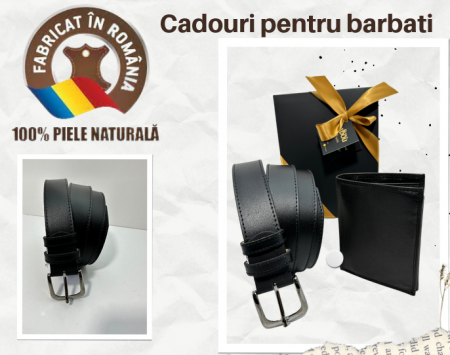 Set cadou Portofel si Curea de piele naturala de barbati negru, produs in Romania, cu cusatura pe margini [3]
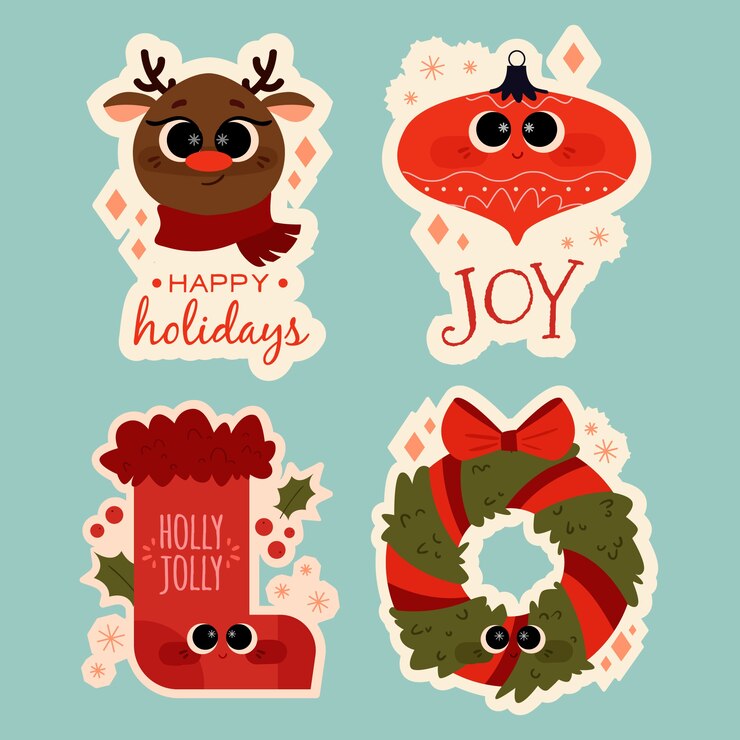 Vector gratuito colección de etiquetas navideñas de diseño plano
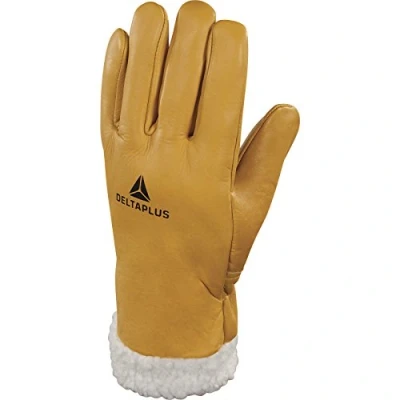 Image of Delta Plus Leather Gloves Glove for Cold Flower Beef Lining Yellow 11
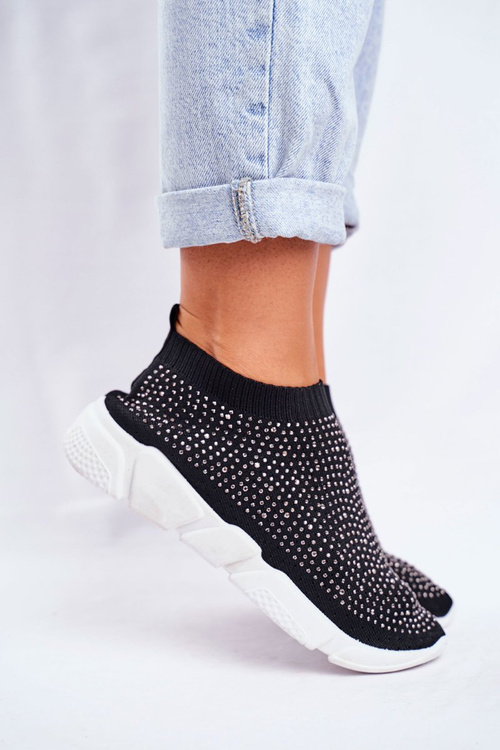 Жіноче спортивне взуття сліпони чорного кольору з цирконами Milodin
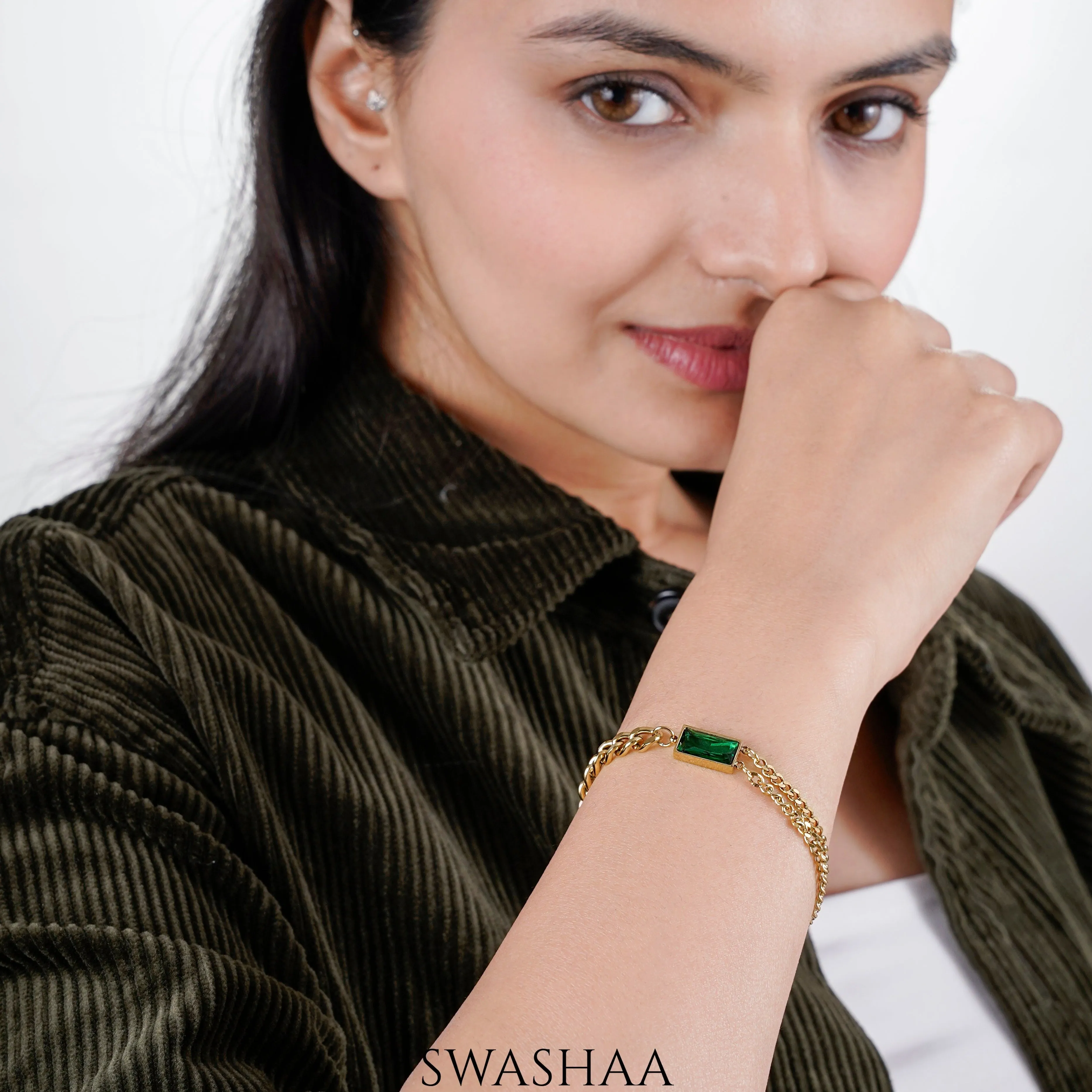 Disna Emarald 18K Gold Plated Bracelet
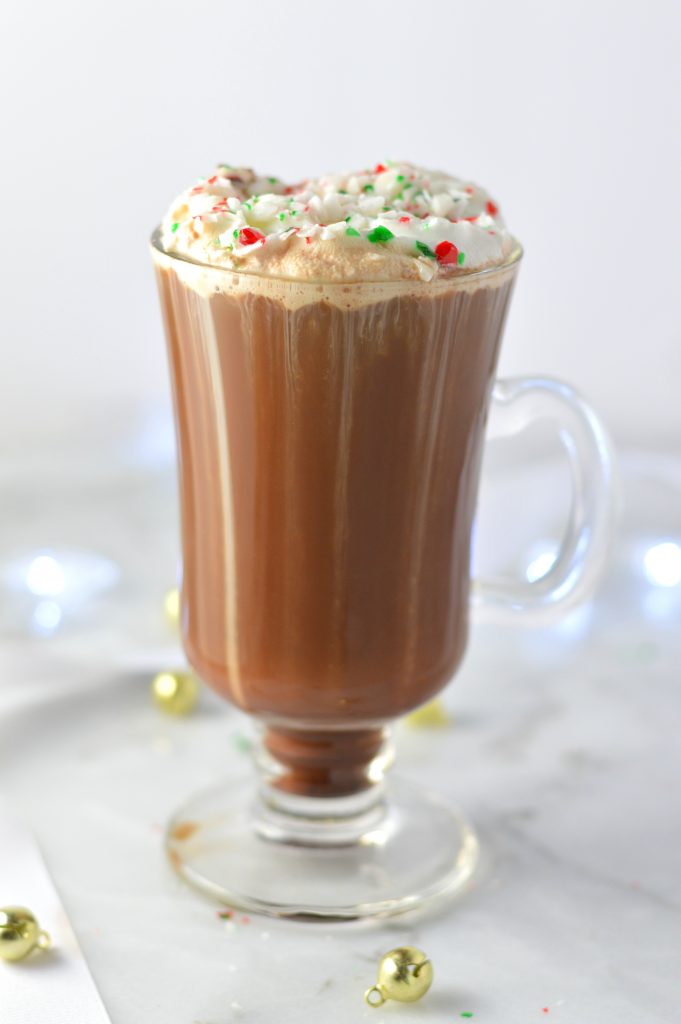 Peppermint Mocha recipe with coffee, peppermint extract and crushed candy canes. This tastes like the one from Starbucks made at home.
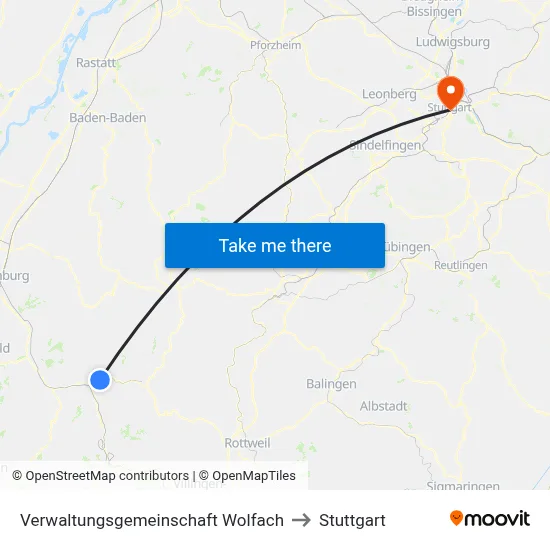 Verwaltungsgemeinschaft Wolfach to Stuttgart map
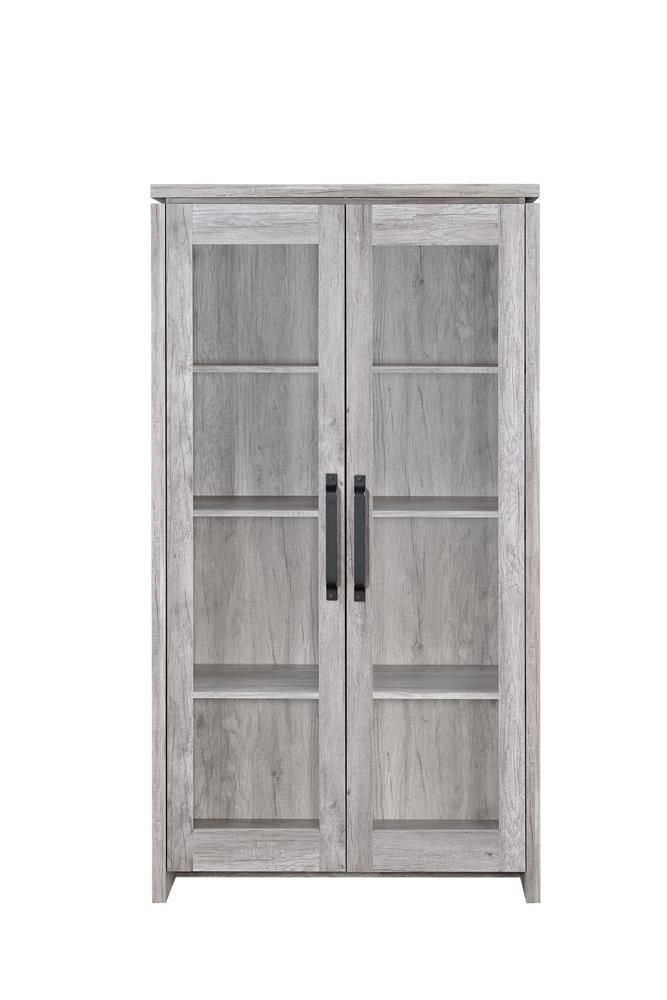 Alejo 2-Door Tall Curio Cabinet side view with metal pull handles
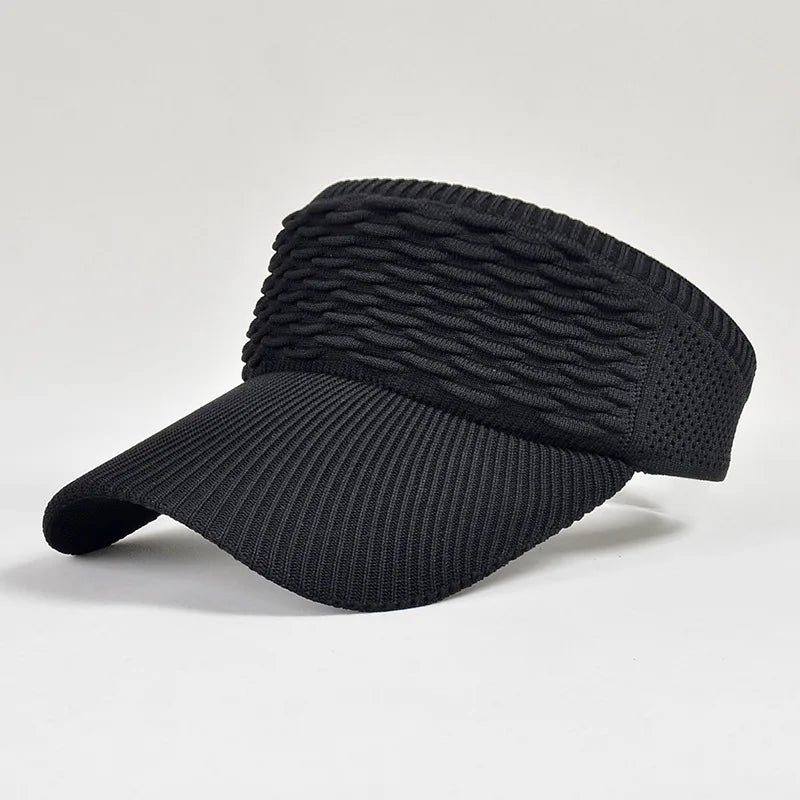maoxiangshop Fashion Folds Design Women Empty Top Hat Summer Solid Color Large Brim Sunscreen Hat Outdoor Elastic Fabric Sports Sun Cap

What to produce:
What you give back should be the full material above, retyped exactly, with every image removed.

Solution for this exercise:
 Set cadou Portofel si Curea de piele naturala de barbati negru, produs in Romania, cu cusatura pe margini [3]
 Vector gratuito colección de etiquetas navideñas de diseño plano
 Image of Delta Plus Leather Gloves Glove for Cold Flower Beef Lining Yellow 11
 Жіноче спортивне взуття сліпони чорного кольору з цирконами Milodin
 Disna Emarald 18K Gold Plated Bracelet
 Peppermint Mocha recipe with coffee, peppermint extract and crushed candy canes. This tastes like the one from Starbucks made at home.
 Verwaltungsgemeinschaft Wolfach to Stuttgart map
 Alejo 2-Door Tall Curio Cabinet side view with metal pull handles
maoxiangshop Fashion Folds Design Women Empty Top Hat Summer Solid Color Large Brim Sunscreen Hat Outdoor Elastic Fabric Sports Sun Cap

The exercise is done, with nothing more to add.